Record extracts
-*-*-

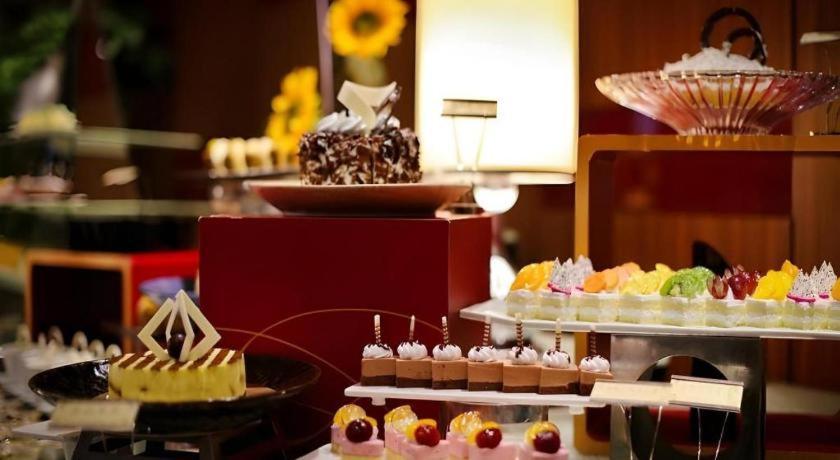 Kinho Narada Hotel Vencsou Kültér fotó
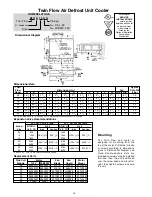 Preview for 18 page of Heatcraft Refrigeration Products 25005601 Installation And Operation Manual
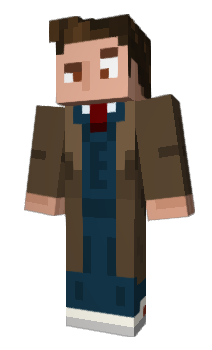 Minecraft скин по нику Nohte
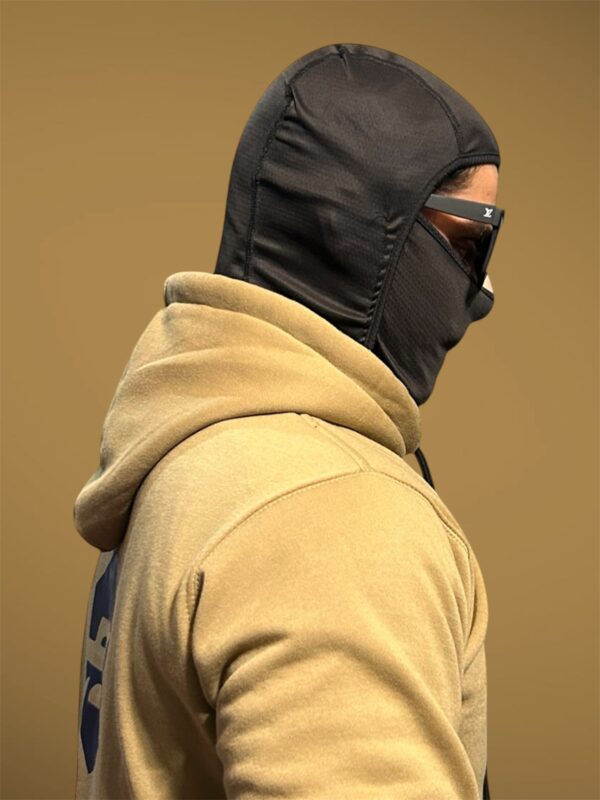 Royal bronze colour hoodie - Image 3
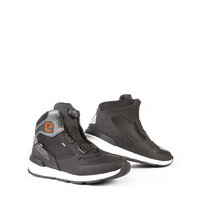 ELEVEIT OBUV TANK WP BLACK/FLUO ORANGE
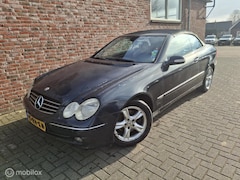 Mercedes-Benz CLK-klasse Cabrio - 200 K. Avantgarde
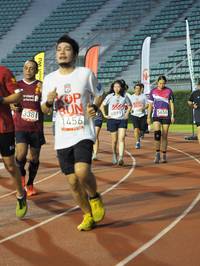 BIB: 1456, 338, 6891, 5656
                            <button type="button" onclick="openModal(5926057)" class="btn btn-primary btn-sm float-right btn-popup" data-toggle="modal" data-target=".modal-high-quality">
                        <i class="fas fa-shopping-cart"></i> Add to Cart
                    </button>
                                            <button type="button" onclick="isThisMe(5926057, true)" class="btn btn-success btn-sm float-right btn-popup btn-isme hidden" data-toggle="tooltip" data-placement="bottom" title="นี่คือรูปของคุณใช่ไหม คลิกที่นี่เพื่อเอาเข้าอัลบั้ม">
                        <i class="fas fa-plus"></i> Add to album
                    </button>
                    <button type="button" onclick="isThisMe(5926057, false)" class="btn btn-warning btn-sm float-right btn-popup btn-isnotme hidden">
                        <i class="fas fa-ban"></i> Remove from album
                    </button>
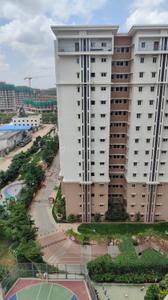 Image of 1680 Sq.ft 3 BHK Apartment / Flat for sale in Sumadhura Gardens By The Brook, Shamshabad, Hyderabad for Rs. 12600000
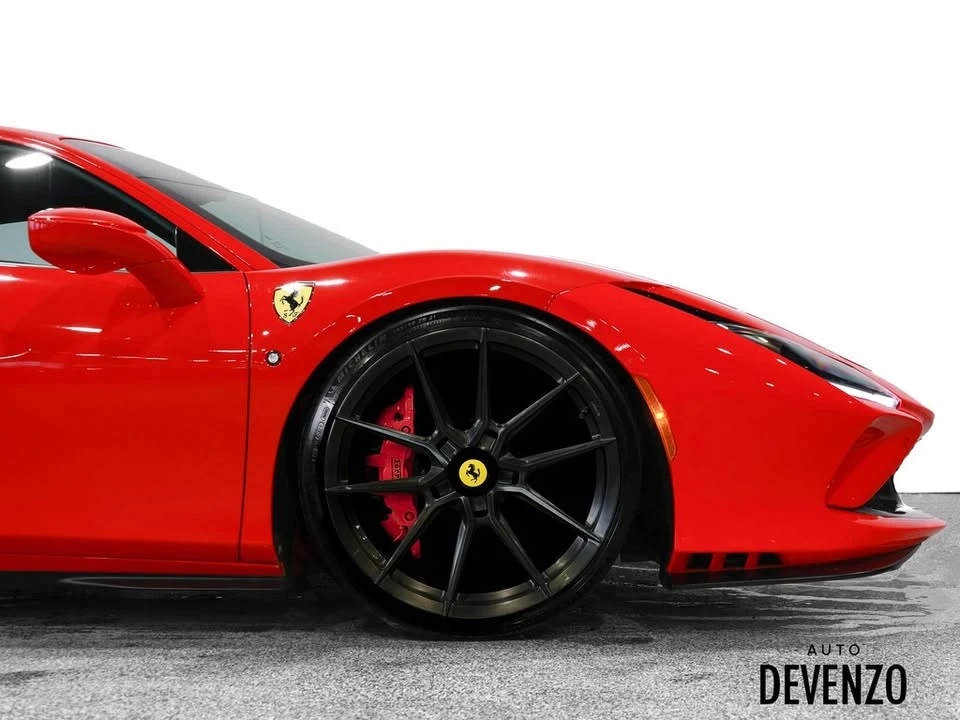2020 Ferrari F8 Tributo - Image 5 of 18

-*-*-

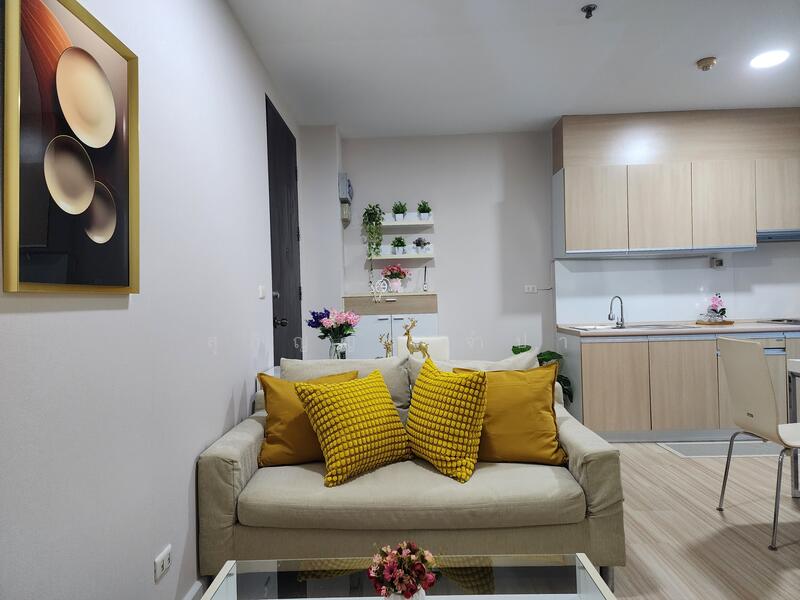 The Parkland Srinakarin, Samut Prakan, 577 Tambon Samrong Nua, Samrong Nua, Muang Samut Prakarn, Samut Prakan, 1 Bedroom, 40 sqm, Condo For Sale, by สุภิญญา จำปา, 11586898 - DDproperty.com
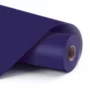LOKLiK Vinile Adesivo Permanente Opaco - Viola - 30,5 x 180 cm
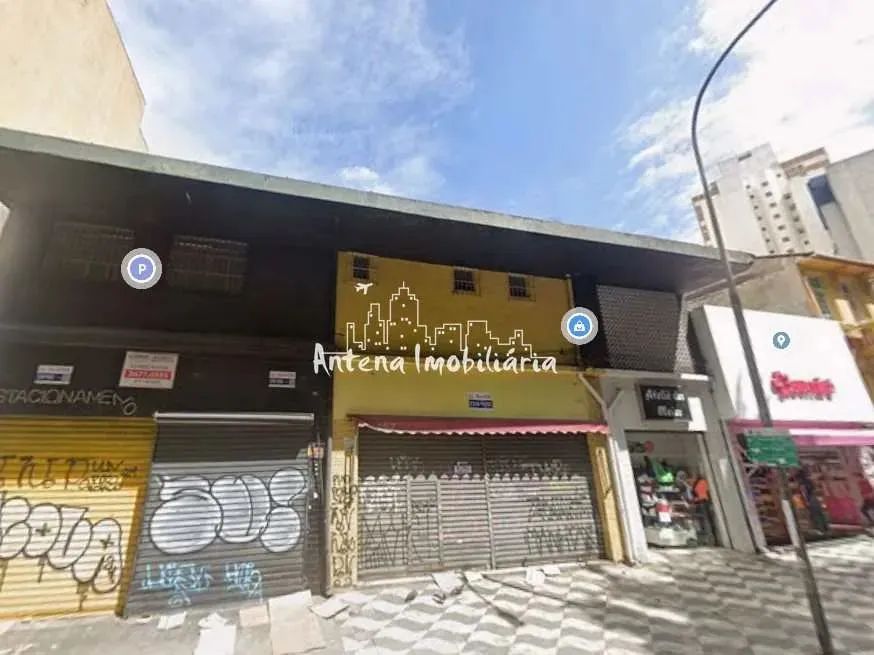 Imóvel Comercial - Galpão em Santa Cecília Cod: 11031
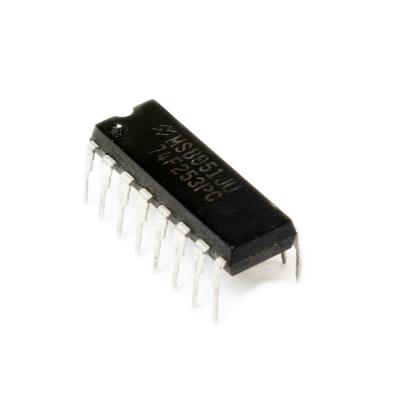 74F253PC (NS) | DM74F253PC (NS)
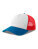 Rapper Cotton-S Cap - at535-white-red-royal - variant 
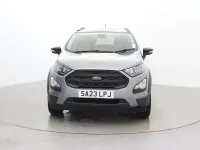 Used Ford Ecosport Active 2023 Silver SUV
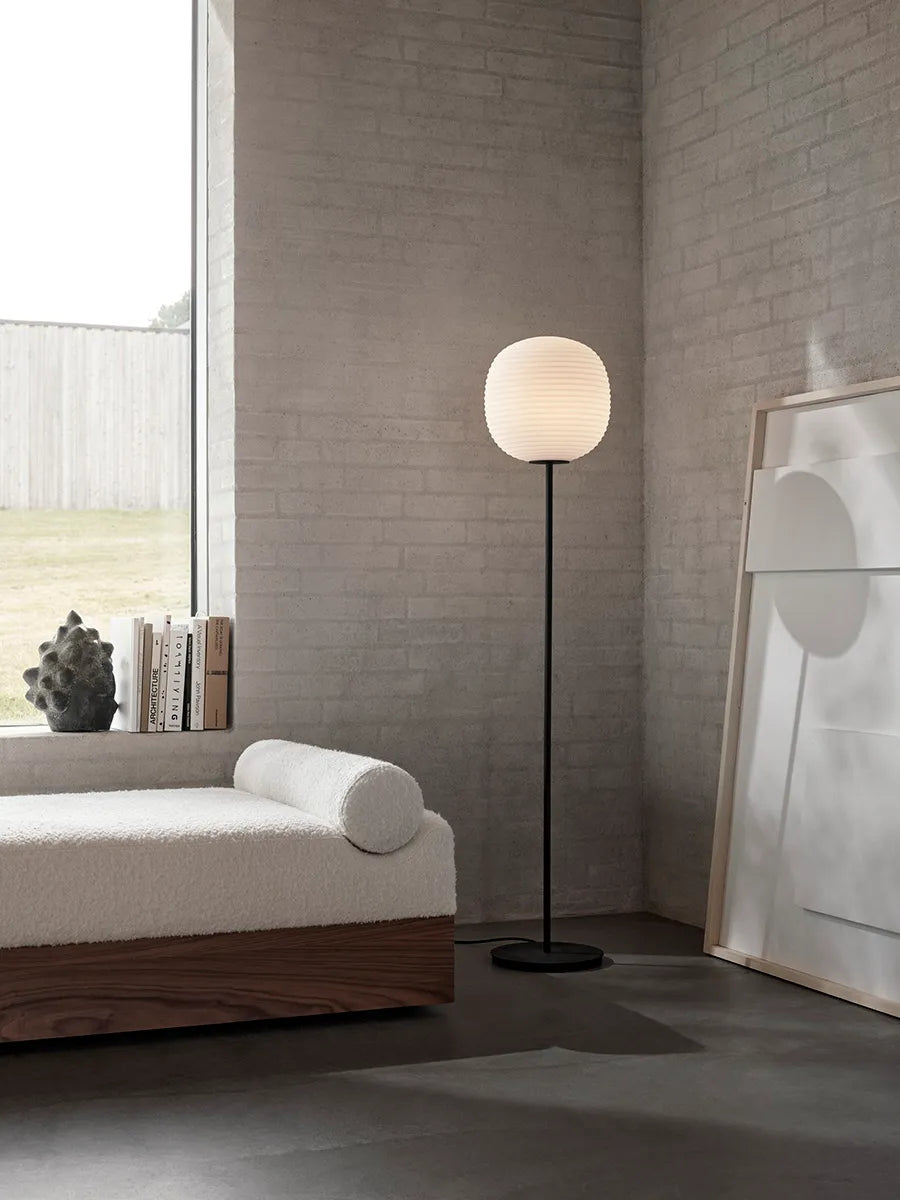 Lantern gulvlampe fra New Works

-*-*-

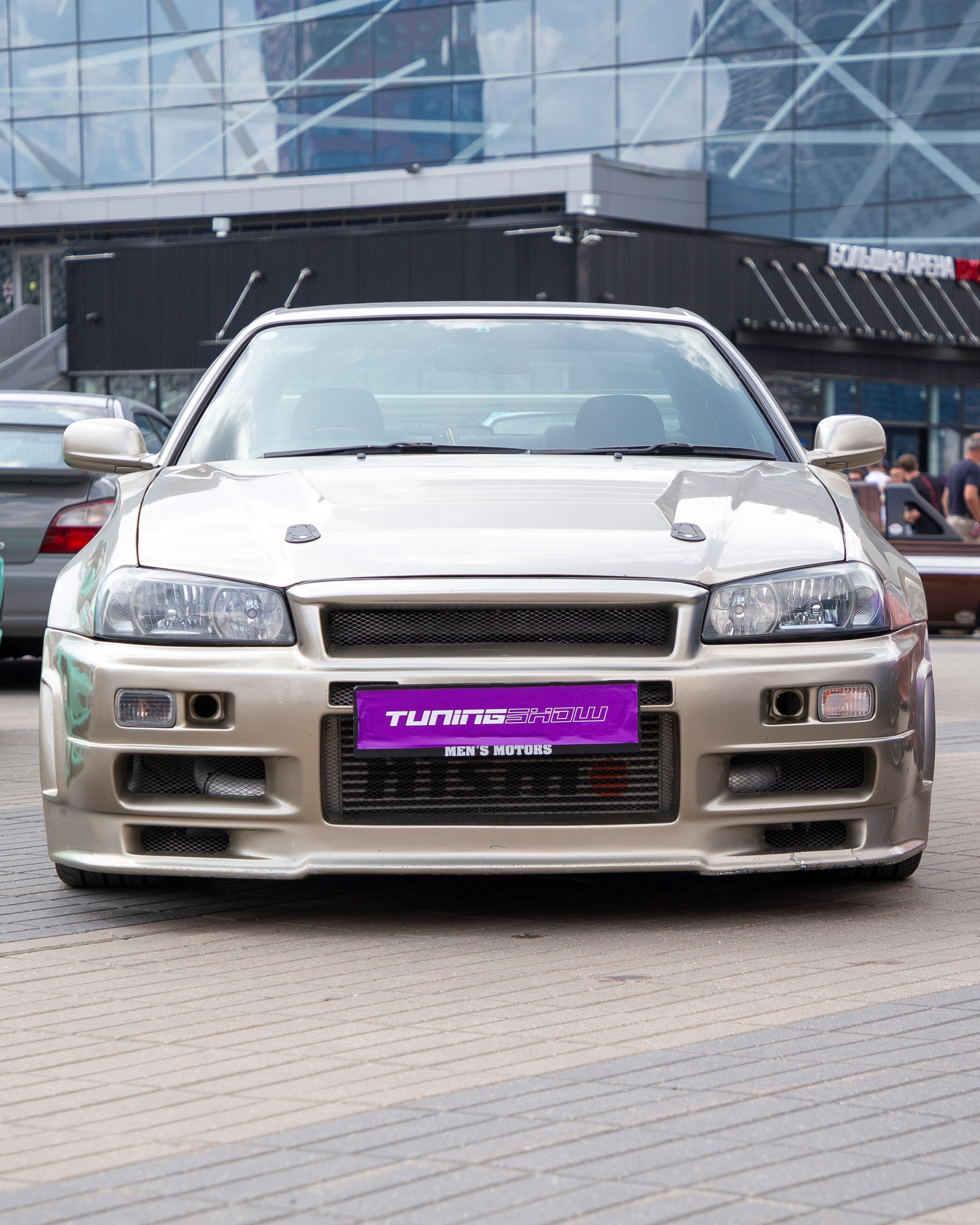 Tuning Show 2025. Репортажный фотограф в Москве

-*-*-

Task requirements
Search the material for "toggle" and copy each matching line.

Answer box
                            <button type="button" onclick="openModal(5926057)" class="btn btn-primary btn-sm float-right btn-popup" data-toggle="modal" data-target=".modal-high-quality">
                                            <button type="button" onclick="isThisMe(5926057, true)" class="btn btn-success btn-sm float-right btn-popup btn-isme hidden" data-toggle="tooltip" data-placement="bottom" title="นี่คือรูปของคุณใช่ไหม คลิกที่นี่เพื่อเอาเข้าอัลบั้ม">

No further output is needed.